By Fi Stewart-Taylor
Field, Christopher B., et al. “I’m Just a Comic Book Boy”: Essays on the Intersections of Comics and Punk. McFarland, 2019.
Punk, as Christopher B. Field, Keegan Lannon, Michael David MacBride, and Christopher C. Douglass note in their introduction to “I’m Just a Comic Book Boy”, is fraught with contradictions (8). A movement wide enough to include the politics of registered Republican Johnny Ramone and former Green Party presidential candidate Jello Biafra is bound to catch a few contradictions on the way. For that reason, an anthology feels like the right choice to write about “the intersections of comics and punk,” as the book’s subtitle explains about the project. Given these contradictions, the editors have favored defining punk as “a stylized affect” crystallized out of the stylized aesthetics of punk, originally a movement premised on “aggressive confrontation with social mores, a DIY ethos, and a regard for substance over style” (5). Accordingly, they have included chapters on comics that meet one or more of these criteria and expand our concept of what punk comics can be. The editors were particularly interested in projects that introduce readers to new material or new ways of thinking about more familiar material, with the goal of “a more inclusive examination of punk comics” than any “other large-scale study” (11). They have prioritized punk outside of the Anglo-American context or in genres that might not seem punk at first glance. As must always happen with anthologies, the editors note that they have had to leave out some important material to fit in the material most pressing to their goals, and they cite Gary Panter and the Hernandez Brothers as examples of omissions, both “canonical punk comics with punk aesthetics” (11). The volume’s main ambition, then, is to stretch the scope of inquiry for punk and comics rather than to compile a “greatest hits.” In bringing together a wide variety of styles of comics, from superheroes to underground comics, and a global scope that extends beyond the Anglo-American punk scene to include Japan, Turkey, and Spain, the collection succeeds in those aims.

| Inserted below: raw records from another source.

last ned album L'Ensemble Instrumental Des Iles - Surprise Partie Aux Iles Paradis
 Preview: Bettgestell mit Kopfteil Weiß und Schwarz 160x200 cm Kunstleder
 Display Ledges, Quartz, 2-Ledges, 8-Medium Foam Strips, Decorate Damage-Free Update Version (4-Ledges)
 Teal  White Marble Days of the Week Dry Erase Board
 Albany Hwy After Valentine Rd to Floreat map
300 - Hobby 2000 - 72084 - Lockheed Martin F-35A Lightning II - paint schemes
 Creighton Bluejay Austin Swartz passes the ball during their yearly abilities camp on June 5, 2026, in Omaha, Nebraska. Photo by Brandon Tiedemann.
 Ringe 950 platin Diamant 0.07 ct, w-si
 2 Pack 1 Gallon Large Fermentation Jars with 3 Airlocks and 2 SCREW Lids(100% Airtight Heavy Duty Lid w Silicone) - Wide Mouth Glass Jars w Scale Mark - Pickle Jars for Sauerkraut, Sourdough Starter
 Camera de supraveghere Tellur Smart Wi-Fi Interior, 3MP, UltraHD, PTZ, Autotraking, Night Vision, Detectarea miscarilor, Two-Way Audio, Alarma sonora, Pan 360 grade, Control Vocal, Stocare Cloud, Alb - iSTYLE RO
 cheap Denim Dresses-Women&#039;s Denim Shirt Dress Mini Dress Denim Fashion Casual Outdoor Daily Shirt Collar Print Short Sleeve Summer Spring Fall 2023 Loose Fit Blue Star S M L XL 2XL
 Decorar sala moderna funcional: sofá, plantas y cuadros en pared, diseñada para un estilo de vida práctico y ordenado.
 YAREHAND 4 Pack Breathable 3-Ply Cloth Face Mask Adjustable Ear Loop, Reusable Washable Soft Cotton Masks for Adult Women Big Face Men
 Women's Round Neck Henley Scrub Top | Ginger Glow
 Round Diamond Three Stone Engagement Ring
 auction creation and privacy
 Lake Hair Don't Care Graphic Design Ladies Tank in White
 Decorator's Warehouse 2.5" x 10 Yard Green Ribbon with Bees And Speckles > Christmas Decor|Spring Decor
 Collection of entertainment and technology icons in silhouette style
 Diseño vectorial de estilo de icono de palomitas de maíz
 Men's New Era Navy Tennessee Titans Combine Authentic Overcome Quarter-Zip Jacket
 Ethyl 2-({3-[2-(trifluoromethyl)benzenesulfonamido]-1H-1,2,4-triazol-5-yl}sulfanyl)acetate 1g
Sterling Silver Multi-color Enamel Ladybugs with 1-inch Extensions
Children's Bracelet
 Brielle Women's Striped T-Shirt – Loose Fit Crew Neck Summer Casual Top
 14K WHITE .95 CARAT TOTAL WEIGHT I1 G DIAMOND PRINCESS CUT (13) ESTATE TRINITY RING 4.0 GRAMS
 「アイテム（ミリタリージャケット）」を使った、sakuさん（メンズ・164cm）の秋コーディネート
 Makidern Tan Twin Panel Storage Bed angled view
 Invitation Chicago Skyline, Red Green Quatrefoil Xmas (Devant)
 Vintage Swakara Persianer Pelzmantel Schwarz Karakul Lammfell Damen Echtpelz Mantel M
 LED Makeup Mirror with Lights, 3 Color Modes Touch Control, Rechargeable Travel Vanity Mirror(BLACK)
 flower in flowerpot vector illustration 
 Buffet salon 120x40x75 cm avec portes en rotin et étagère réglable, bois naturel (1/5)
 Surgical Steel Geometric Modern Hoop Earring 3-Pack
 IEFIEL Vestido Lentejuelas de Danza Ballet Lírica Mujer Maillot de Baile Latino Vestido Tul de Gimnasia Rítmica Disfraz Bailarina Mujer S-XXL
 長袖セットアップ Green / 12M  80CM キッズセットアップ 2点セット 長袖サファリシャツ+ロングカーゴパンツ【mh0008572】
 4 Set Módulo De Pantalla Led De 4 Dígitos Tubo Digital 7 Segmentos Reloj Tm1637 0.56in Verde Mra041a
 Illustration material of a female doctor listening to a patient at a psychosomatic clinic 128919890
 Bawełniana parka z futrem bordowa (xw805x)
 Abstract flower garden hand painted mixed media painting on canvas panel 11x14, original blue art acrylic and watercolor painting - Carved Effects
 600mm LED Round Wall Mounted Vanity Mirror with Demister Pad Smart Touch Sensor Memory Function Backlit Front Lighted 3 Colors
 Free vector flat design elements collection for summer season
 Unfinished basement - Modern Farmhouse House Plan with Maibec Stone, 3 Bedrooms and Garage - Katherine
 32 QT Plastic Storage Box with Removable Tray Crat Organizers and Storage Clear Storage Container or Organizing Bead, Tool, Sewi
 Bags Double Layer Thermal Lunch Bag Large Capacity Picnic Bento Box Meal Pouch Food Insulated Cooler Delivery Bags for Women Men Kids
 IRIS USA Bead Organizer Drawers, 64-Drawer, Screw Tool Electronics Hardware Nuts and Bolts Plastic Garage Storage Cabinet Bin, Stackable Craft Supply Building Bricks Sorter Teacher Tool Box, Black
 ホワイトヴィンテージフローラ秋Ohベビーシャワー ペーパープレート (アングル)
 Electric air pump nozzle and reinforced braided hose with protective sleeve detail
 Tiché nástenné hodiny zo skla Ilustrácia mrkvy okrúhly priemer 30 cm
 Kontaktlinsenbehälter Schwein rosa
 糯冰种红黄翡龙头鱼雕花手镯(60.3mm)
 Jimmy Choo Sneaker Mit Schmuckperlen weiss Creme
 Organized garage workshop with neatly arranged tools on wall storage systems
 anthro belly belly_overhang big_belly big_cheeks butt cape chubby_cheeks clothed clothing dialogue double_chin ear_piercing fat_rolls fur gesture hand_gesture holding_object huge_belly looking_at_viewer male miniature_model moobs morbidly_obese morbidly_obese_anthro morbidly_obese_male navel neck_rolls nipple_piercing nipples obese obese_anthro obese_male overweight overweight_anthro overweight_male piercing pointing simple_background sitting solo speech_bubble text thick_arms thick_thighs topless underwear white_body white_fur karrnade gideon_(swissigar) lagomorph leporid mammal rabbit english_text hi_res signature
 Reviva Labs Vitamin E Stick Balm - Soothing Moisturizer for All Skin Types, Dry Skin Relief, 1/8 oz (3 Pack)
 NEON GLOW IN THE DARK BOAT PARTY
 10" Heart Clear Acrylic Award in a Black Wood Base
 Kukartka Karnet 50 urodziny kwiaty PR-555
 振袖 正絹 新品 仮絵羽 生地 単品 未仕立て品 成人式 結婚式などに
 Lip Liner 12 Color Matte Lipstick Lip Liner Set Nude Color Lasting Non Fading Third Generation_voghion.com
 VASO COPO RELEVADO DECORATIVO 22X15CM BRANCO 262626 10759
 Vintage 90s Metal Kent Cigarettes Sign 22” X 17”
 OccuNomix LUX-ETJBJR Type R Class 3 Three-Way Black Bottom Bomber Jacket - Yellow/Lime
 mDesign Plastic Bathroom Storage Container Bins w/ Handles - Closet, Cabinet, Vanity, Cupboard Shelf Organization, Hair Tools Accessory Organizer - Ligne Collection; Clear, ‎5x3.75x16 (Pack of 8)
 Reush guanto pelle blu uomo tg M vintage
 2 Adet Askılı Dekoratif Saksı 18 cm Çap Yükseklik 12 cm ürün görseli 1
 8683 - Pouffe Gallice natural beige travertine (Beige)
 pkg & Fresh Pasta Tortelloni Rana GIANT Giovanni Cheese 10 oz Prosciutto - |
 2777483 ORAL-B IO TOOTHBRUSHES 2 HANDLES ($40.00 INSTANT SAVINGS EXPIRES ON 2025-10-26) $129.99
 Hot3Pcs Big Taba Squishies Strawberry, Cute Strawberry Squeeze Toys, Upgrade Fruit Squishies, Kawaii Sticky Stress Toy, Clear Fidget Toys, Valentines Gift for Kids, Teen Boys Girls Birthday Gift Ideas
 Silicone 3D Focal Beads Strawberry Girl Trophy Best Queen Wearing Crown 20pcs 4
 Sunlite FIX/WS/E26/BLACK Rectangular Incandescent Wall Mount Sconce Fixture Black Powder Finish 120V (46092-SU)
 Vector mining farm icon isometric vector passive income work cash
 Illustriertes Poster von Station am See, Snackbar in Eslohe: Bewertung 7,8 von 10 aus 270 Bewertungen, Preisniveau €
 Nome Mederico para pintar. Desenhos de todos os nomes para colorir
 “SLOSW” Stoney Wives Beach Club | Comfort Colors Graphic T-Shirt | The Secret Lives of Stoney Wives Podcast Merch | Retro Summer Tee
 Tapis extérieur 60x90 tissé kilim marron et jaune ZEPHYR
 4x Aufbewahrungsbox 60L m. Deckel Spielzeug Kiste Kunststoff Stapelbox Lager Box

The book is organized into four sections. The first, “Punk Superhero Comics,” addresses superhero texts that arguably coincide with a punk ethos as stories of rebellion, idealism, or independence, all of which are equated with a DIY or “Do It Yourself” attitude. Both essays in this section address work by legendary comics artist Jack Kirby. Christopher Field’s “One Man Artistic Corps: Jack Kirby’s OMAC” has a clever title that puns on its subject, Kirby’s OMAC (One Man Army Corps), and argues that the titular and mohawk-sporting victim of corporate experimentation could be an early punk. His experiences of alienation and his use of violence—employed admittedly on behalf of the United Nations and in the service of world government, not no government—makes him an outsider, like the punk rockers who followed. OMAC’s short mohawk, Field argues, shares with the days of future punks a style that “rejects social conventions” and “shocks” viewers (23). Field identifies OMAC’s latent critique of the capitalist system—which he reads as stripping OMAC of purpose and identity—with Kirby’s own experience of exploitation by both DC and Marvel. Field further argues that this critique is protopunk in its critique of the system as such (25).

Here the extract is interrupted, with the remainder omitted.